Os dois riram. Ele estendeu mais um bombom pra ela, que pegou. Antes de levá-lo à boca disse em desafio:
-Mais bonita que a Natalie Portman?
Ele pensou brevemente. Era um fã declarado da Natalie Portman.
-Na verdade... Tão bonita quanto, mas mais sexy. A Natalie Portman é meio chatinha fazendo Thor. Devo confessar que, em Thor, acho a Jaimie Alexander, que faz a Sif, muito mais bonita, mas sou tarado, mesmo, é pela Kat Dennings...
Ela ergueu as mãos:
-Meu Deus... Eu não consigo guardar o nome desse povo todo...
Ele comeu outro bombom:
-Sif, morena, olho castanho claro, usa armadura, é amiga do Thor em Asgard... Fazia Kyle XY...- Tentou.
-Ah, tá. - Ela interrompeu. -Ah, aquela guria é linda...
-Sim. - Ele concordou. -Mas a Sif não é uma mocinha. É uma guerreira durona que sabe se cuidar sozinha. Assim como a Darcy Lewis, da Kat Dennings, não é mocinha, é alívio cômico...
-Ah, tá... A tetuda aquela, morena de olho azul... Já sei quem é, também... - Ela disse com pouco-caso. -Mas... E a Liv Tyler?
-Francamente, acho bonita, mas superestimada... Não vejo essa graça toda nela. - Ele disse, olhando pra rua.
Ela matutou mais um pouco. Suspirou.
-E... A... Hum... Deixa ver... E a... Não... A Gwineth Paltrow é sem graça...
-Total... - Ele concordou.
-Ah, já sei, a Amy Adams! - Ela disse, iluminando-se.
-Acho muito bonita, mas ainda acho a Hayley Atwell mais interessante no conjunto.
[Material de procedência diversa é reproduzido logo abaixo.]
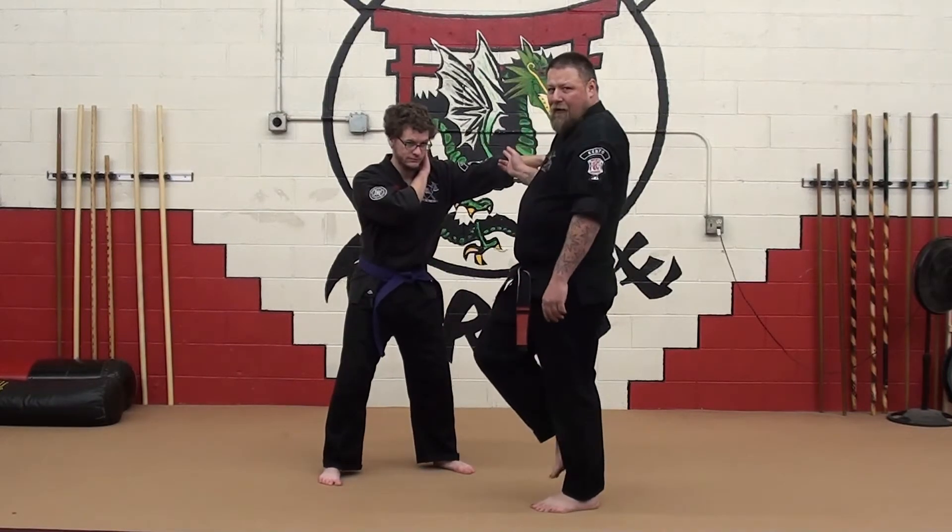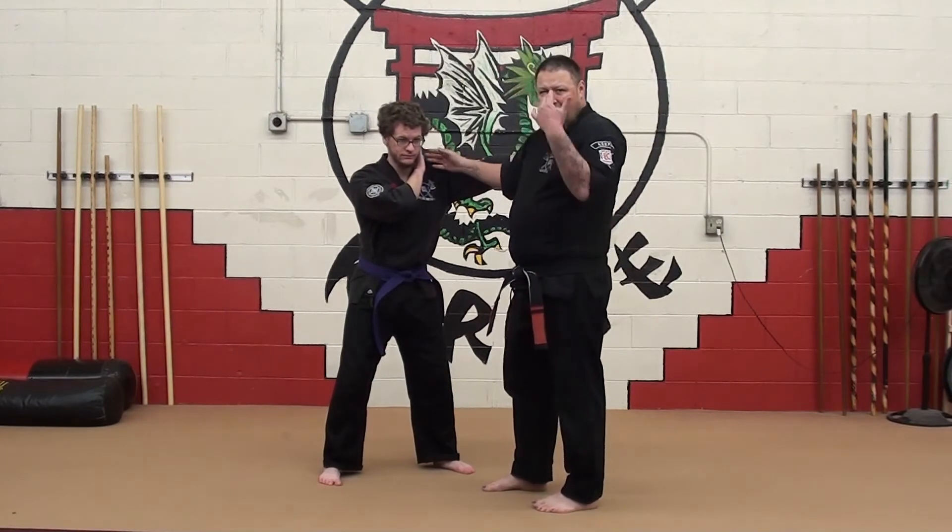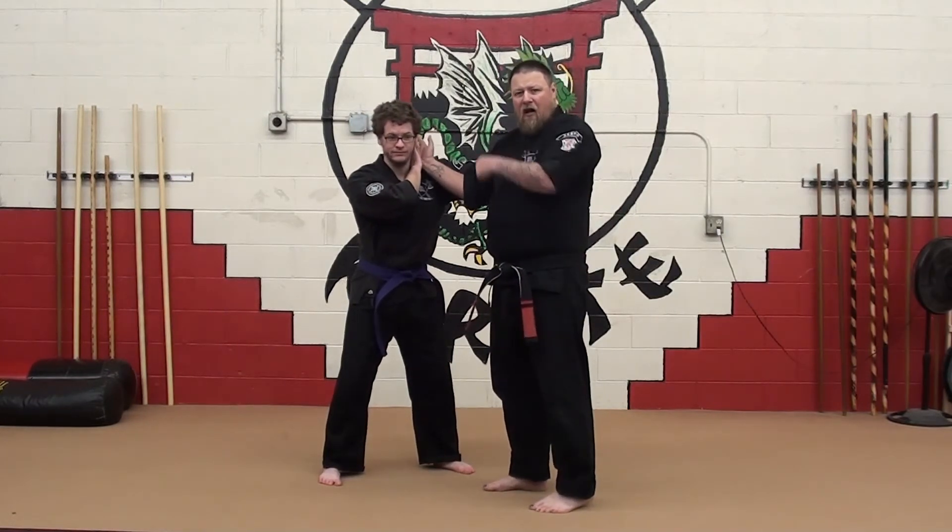I follow the path of his arm to my target. I don't even have to look. If I follow, I know I'll hit my target.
-E a mulher-Gato? - Ela perguntou.
-Michelle Pfeiffer, Anne Hathaway, Halle Berry, Julie Newmar ou Lee Meriwether? - Ele quis saber.
-Hã? Que? Quem? - Ela perguntou confusa, pegando outro bombom.
Ele riu.
-Citei todas as Mulher-Gato de quem eu lembrei... Ainda tá faltando uma... Teve uma outra Mulher-Gato negra antes da Halle Berry, no seriado do Batman do Adam West, mas eu não me lembro do nome dela... Hearta Kitty... Alguma coisa assim... - Ele franziu a testa tentando lembrar.
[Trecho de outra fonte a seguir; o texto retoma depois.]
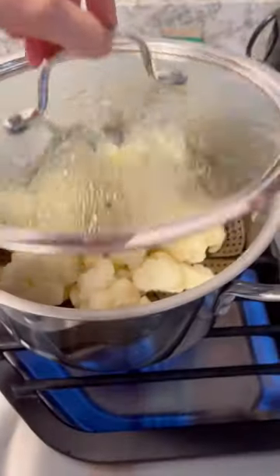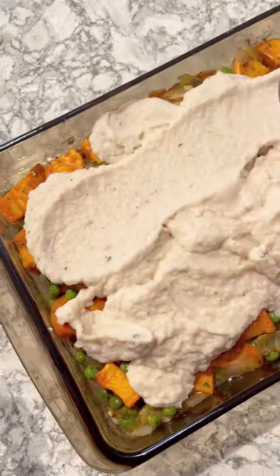You're going to start by sauteing some veggies — peas, carrots, whatever you want. Steam some cauliflower, add some peanut butter, add some beans to the cauliflower, mash it up, and bake it all.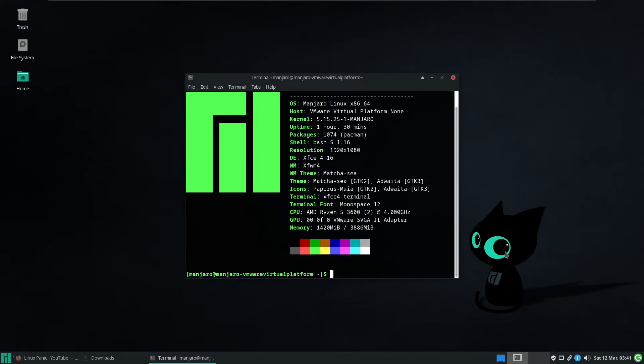Hello and welcome back to the Linux Panic YouTube channel. In this video I'm going to show you how to install Wine version 7.4 on Manjaro.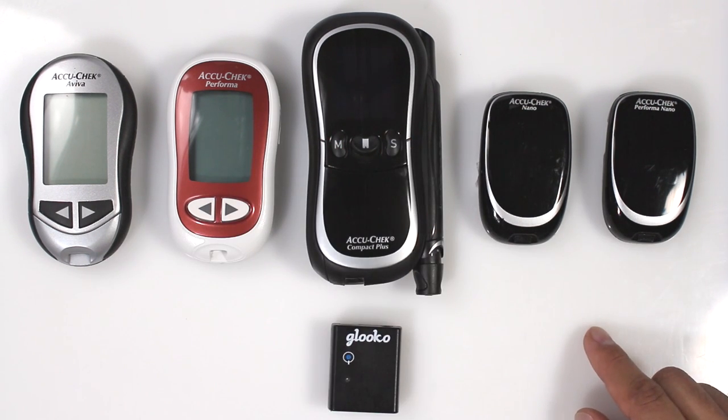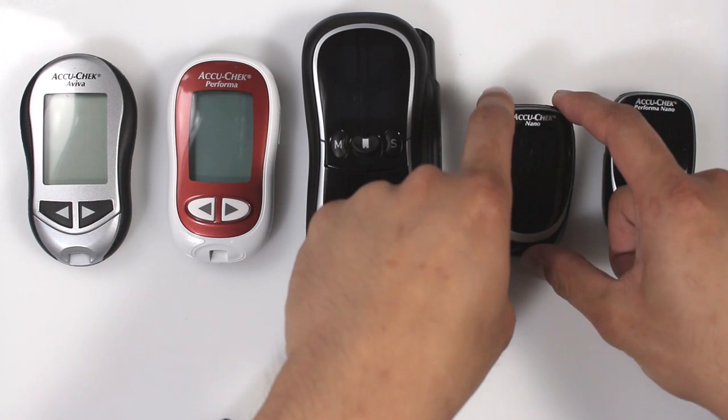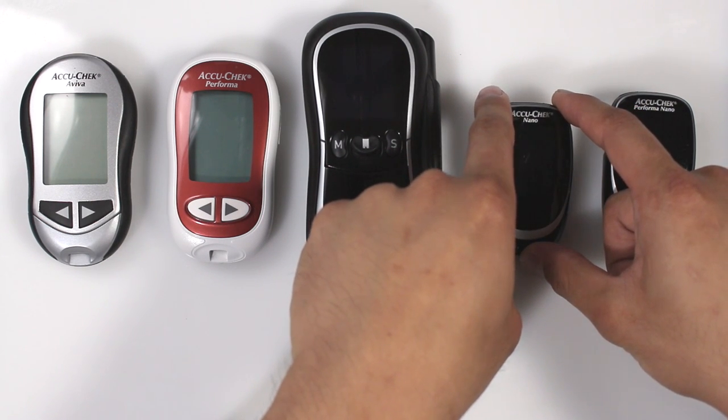For the AccuCheck Nano, press and hold the top left and right buttons until you see the Sync icons appear.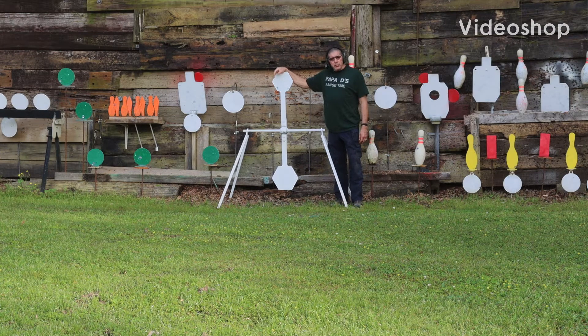Hey guys, Papa D here with Papa D's Range Time. I'm coming to you from South Louisiana on a beautiful Friday. I am 15 yards from the camera right now, which is the safest distance to shoot steel. This particular target is made by MGM — it's called the Spinner.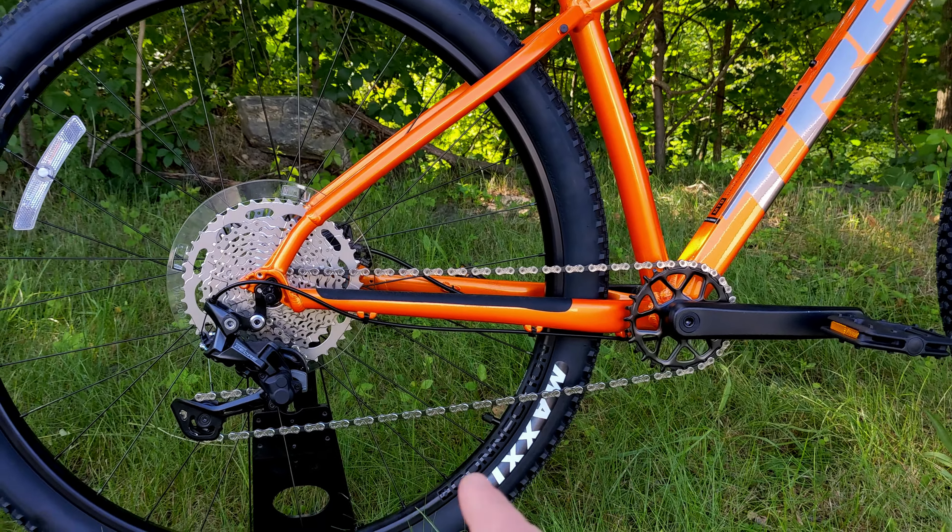Slowing the bike down is the Tektro M275 hydraulic disc brake with the full reach lever. On sizes small and extra small, it uses the M276 short reach lever. Both run a hydraulic disc brake two-piston caliper on 160-millimeter rotors.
-Tá, mas eu tava falando da última... Daquele filme com o cara que quebra o Batman... - Ela restringiu.
-Bane. - Ele acudiu.
-Isso... Lindão... - Ela suspirou.
Ele olhou pra ela fazendo uma expressão entre o surpreso e o enojado.
-Quê? Ele é bonito. - Ela se defendeu. -Tu já viu um filme com ele e a Reese Whiterspoon, que também tem outro cara...
-O capitão Kirk. Eu sei que filme é... Não lembro o nome e nunca vi todo...
-Bom, não importa, ele é bonito. - Ela sentenciou.
-Se tu diz...
Ela continuou:
-E aí? A Mulher-Gato?
-A Anne Hathaway é muito bonita, mas não tanto quanto a Hayley Atwell, nem é, exatamente, uma mocinha. A Mulher-Gato é meio Viúva-Negra e Sif, pra mocinha não serve. De qualquer forma, há pelo menos três Mulher-Gato mais bonitas que a Anne Hathaway. A Michelle Pfeiffer era linda quando fez o papel, e a Julie Newmar e a Lee Meriwether até hoje habitam meus sonhos.
Ela riu.
-Tá... Então é a Hayley Atwell, mesmo...
-É... Pode não ser a mais bonita, pode não ser a mais atraente, pode não ser a melhor atriz, mas tem a melhor média. - Ele explicou.
-Entendi. - Ela disse.
Ele estendeu a caixa de bombons pra ela:
-Ó... É o último.
Ela pegou:
-Obrigada, cavalheiro, você é muito gentil. - Ela disse, fazendo uma voz engraçada e uma pronúncia de candidato a vereador lendo teleprompter.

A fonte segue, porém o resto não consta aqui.